If ARC4 routing and/or interoperability is not required, a contract can extend the BaseContract type which gives full control to the developer to implement the approval and clear state programs. If this type is extended directly it will not be possible to output ARC-32 or ARC-56 app spec files and related artifacts. Transaction arguments will also need to be decoded manually.
import { BaseContract, log, op } from '@algorandfoundation/algorand-typescript'
class DoNothingContract extends BaseContract {
public approvalProgram(): boolean {
return true
}
public clearStateProgram(): boolean {
return true
}
}
class HelloWorldContract extends BaseContract {
public approvalProgram(): boolean {
const name = String(op.Txn.applicationArgs(0))
log(`Hello, ${name}`)
this.notRouted()
return true
}
public notRouted() {
log('This method is not public accessible')
}
}
Logic signatures or smart signatures as they are sometimes referred to are single program constructs which can be used to sign transactions. If the logic defined in the program runs without error, the signature is considered valid - if the program crashes, or returns 0 or false, the signature is not valid and the transaction will be rejected. It is possible to delegate signature privileges for any standard account to a logic signature program such that any transaction signed with the logic signature program will pass on behalf of the delegating account provided the program logic succeeds. This is obviously a dangerous proposition and such a logic signature program should be meticulously designed to avoid abuse. You can read more about logic signatures on Algorand here.

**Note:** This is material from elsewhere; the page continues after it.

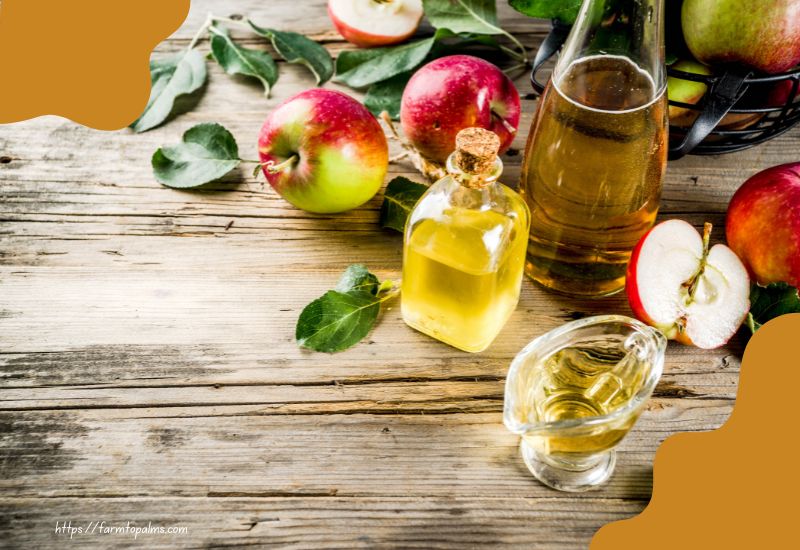 The Best Time To Have Apple Cider Vinegar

Logic signature programs are stateless, and support a different subset of op codes to smart contracts. The LogicSig class should only ever have a program method, complex signatures can make use of free subroutines to break up logic into smaller chunks.
import { assert, LogicSig, Txn, Uint64 } from '@algorandfoundation/algorand-typescript'
export class AlwaysAllow extends LogicSig {
program() {
return true
}
}
function feeIsZero() {
assert(Txn.fee === 0, 'Fee must be zero')
}
export class AllowNoFee extends LogicSig {
program() {
feeIsZero()
return Uint64(1)
}
}